I would absolutely be interested in getting involved with either the stocking or fishing of this water system. I think it's a fantastic idea and I can't wait for more info.


----------



## mattbris10 (Mar 3, 2012)

That is great news. I am happy to help out in any way possible.


----------



## Penno (Dec 2, 2005)

G


----------



## anselmo (Aug 26, 2008)

Nice

I can confirm the following species are present in LHD already:

Spangled perch
Eel tailed catfish
Tilapia
Bass (or they were 23 years ago ...)
Tarpon (or they were 23 years ago ...)
Rumour of East coast cod
Rumour of Saratoga
Goldfish
Freshwater mussels

Keep us posted!


----------



## theclick (Jun 25, 2007)

Fan-bloody-tastic. I wrote a letter to the management authority a number of years ago about this (posted it up here somewhere). The response at the time didn't seem positive, but looks like they have changed their ways.

It will also make a great flatwater training course.


----------



## scoman (Oct 4, 2010)

Wow that's fantastic news. Imagine it would take a lot of work to get it up and going. Might be up for it


----------



## anselmo (Aug 26, 2008)

A friend lived on the dam and we regularly caught spangleds and catfish in the dam plus tilapia 
All of which breed in FW
Another friend lived on the catchment upstream and we caught spangleds, bass and tarpon in the creek, the latter 2 needing SW to breed but its unlikely they're still there 23 years later
The same friend claimed to have had a close encounter of the cod kind in the same creek
Whilst sceptical, he's not someone I've never had reason to doubt him on anything else


----------



## Dodge (Oct 12, 2005)

cjbfisher said:


> Apparently, SEQwater are only particularly interested in water quality, and fishing is not very high on the priority list.


Chris when SEQW took Hinze Dam over from the local council, they made it clear their priority for the dam was to treat for quality and as a storage facility, with fishing secondary, however there are no hassles with them in regards the fishing.



cjbfisher said:


> Anyone know the lifespan of a bass?
> I think saratoga will also breed in the FW?


Toga can breed in the dams OK not sure of any requirements, but they breed in Hinze which is further south than LHD.

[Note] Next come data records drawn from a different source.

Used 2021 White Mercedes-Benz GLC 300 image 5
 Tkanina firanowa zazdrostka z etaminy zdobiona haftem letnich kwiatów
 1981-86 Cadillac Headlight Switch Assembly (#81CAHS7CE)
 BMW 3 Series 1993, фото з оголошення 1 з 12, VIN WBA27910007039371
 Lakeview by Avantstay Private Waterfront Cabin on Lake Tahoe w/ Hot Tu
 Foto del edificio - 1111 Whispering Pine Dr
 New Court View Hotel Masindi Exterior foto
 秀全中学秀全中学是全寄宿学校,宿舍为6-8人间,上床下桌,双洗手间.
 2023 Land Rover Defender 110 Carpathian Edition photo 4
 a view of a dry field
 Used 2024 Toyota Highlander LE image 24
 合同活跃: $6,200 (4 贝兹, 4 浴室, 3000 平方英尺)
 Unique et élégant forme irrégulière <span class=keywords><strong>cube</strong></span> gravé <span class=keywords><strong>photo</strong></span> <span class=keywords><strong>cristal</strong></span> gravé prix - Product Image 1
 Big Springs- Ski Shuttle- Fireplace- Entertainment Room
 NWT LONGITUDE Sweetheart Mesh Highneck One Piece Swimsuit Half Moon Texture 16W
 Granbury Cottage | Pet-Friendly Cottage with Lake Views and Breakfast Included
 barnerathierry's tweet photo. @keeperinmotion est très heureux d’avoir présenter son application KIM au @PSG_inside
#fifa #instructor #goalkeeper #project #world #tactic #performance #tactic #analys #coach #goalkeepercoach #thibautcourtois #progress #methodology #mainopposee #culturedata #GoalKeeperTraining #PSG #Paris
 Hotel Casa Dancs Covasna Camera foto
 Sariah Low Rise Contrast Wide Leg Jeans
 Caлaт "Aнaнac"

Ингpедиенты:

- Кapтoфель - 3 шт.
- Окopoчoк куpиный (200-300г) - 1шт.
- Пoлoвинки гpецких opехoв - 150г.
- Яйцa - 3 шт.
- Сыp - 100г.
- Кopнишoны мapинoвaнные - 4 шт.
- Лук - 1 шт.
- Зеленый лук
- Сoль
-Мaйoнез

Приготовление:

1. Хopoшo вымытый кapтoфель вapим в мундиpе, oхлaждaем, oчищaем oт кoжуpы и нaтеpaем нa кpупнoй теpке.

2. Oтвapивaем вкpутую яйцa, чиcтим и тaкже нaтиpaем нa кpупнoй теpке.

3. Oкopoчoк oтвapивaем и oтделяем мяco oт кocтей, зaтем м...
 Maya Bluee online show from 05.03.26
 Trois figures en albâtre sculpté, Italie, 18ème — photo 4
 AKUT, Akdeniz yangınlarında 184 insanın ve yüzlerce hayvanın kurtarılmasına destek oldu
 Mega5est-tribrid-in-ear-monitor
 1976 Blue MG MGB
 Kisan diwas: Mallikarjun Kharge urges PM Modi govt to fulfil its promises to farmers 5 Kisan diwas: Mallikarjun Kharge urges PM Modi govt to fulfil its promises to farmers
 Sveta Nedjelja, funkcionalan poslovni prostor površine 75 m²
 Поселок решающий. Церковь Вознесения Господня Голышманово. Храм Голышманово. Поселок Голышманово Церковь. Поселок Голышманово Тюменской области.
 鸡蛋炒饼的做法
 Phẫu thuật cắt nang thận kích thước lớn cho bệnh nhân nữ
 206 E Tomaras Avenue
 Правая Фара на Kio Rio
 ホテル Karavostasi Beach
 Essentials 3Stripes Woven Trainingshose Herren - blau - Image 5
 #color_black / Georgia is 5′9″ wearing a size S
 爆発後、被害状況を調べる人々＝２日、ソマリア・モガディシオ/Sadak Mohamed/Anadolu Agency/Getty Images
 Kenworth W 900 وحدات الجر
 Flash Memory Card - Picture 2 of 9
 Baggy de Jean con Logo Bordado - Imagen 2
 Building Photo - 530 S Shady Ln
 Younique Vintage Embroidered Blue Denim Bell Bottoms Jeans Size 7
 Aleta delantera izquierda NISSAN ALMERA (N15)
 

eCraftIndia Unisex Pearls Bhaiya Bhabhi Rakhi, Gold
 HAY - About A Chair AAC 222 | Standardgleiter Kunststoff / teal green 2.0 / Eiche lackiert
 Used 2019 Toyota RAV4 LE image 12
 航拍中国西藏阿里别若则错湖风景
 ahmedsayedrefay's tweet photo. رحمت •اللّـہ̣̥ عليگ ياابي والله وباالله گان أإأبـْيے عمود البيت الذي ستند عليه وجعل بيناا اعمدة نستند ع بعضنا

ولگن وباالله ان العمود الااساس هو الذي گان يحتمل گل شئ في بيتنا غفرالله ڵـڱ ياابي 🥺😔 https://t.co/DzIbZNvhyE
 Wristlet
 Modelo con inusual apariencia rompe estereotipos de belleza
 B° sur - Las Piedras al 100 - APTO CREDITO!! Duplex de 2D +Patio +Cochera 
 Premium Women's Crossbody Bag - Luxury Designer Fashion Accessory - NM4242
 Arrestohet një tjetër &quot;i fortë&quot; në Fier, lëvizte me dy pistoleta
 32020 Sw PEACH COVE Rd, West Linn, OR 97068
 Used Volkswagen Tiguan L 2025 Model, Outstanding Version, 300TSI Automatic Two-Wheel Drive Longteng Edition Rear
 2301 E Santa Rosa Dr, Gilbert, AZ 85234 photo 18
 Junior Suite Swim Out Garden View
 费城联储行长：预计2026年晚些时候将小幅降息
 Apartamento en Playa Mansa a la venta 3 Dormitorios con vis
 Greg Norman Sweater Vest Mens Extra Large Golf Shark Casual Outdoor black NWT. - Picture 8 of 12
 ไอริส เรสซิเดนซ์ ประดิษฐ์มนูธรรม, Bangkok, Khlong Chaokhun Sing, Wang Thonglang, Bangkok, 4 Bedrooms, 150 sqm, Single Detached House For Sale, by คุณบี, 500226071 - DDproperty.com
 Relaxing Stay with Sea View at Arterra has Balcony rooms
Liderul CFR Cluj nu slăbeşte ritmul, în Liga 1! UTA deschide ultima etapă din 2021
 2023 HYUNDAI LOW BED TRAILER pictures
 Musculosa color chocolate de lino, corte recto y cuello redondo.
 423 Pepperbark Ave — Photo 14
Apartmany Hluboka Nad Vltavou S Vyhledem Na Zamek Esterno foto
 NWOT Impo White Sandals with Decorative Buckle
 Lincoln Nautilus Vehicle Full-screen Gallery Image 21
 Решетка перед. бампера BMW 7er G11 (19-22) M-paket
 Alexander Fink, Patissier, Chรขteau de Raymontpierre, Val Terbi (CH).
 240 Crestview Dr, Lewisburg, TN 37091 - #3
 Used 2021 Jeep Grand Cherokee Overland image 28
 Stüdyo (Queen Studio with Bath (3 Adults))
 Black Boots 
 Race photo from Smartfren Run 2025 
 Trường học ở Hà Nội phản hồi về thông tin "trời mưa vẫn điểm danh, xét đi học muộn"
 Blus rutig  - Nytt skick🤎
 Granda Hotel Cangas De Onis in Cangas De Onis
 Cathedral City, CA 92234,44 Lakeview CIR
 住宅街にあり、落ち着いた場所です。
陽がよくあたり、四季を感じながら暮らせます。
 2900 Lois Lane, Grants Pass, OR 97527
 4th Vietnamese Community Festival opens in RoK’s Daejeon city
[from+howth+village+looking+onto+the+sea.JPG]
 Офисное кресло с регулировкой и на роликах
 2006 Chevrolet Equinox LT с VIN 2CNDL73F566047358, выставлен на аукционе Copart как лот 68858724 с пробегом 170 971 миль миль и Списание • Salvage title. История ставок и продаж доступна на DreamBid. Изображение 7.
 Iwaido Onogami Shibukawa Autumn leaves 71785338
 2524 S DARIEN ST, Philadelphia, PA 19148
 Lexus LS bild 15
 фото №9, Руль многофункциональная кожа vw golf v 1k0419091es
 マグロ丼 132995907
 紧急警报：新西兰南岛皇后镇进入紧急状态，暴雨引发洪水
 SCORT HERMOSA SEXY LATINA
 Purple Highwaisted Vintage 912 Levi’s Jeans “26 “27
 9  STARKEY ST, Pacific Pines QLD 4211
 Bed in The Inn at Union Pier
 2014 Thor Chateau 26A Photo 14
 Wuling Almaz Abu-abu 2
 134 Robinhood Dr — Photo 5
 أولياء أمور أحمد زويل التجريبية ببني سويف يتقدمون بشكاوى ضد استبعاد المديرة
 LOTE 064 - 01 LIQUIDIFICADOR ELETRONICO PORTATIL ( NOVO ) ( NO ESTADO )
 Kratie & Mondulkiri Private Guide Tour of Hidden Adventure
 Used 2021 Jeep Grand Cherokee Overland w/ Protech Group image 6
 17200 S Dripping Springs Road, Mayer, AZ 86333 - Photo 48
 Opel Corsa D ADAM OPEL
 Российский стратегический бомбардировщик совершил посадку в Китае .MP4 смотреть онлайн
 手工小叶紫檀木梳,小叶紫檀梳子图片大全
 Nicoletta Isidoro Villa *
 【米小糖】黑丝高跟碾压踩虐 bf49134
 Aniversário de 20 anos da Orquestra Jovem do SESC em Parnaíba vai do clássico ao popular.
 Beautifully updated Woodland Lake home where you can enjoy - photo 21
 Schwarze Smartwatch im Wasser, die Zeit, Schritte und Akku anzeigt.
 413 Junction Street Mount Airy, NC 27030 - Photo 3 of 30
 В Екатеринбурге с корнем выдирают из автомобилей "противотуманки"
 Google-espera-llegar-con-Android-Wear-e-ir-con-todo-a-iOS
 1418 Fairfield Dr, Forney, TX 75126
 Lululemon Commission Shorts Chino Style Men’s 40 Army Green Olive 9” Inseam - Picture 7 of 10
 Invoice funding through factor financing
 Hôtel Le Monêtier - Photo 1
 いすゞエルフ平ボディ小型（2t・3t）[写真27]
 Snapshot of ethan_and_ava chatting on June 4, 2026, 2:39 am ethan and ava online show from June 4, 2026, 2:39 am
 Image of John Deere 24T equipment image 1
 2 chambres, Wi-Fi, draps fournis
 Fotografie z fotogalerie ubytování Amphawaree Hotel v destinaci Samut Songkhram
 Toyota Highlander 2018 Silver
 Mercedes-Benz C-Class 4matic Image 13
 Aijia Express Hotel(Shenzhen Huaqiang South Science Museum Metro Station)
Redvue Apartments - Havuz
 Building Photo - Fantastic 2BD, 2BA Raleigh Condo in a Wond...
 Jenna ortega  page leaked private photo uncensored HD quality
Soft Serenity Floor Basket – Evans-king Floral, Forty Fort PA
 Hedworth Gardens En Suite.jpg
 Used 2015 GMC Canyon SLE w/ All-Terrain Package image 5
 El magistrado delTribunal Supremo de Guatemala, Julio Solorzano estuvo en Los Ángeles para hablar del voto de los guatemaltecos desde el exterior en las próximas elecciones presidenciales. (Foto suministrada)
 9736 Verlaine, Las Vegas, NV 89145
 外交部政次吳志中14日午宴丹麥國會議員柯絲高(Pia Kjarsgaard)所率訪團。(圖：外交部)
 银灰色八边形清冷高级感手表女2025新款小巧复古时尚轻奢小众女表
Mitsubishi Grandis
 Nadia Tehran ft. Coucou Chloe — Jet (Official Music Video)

Not sure of the years in a bass lifespan but fish over 50cms are a challengs, and why the 60cms bass is called a unicorn.


----------



## BIGKEV (Aug 18, 2007)

Chris, SEQW already have an agreement in place with the Pine Rivers Fish Management Authority to stock north pine dam and most other dams in QLD are stocked by similar community groups, so they should have a model that can be copied to accomodate stocking & fishing at LHD in regards to a management plan. Also to suggest that fisheries would be responsible for the stocking is a bit of a furphy as community groups around the state are really the ones who stock the majority of QLD dams with only minor support from fisheries.

It will be a long road, but definately one worth taking if you can put a group of like minded individuals together to get this off the ground. Start small and build it gradually, get used to selling raffle tickets in meat trays at the local to raise your funds and awareness of your goals. I'm sure the support will come, but rest assured you will need to jump a mountain of red tape to get it over the line.

Good luck, I look on with interest in the hope that you succeed, but realistically, it is somewhere that I will probably never fish.

Kev


----------



## anselmo (Aug 26, 2008)

BIGKEV said:


> Good luck, I look on with interest in the hope that you succeed, but realistically, it is somewhere that I will probably never fish.
> 
> Kev


We'll remind you of that in 10 years when LHD is the next "hot" spot and an ABT event is planned for it ;-)


----------



## scoman (Oct 4, 2010)

So how would one form a stocking group? Or even an interest group?


----------



## BIGKEV (Aug 18, 2007)

scoman said:


> So how would one form a stocking group? Or even an interest group?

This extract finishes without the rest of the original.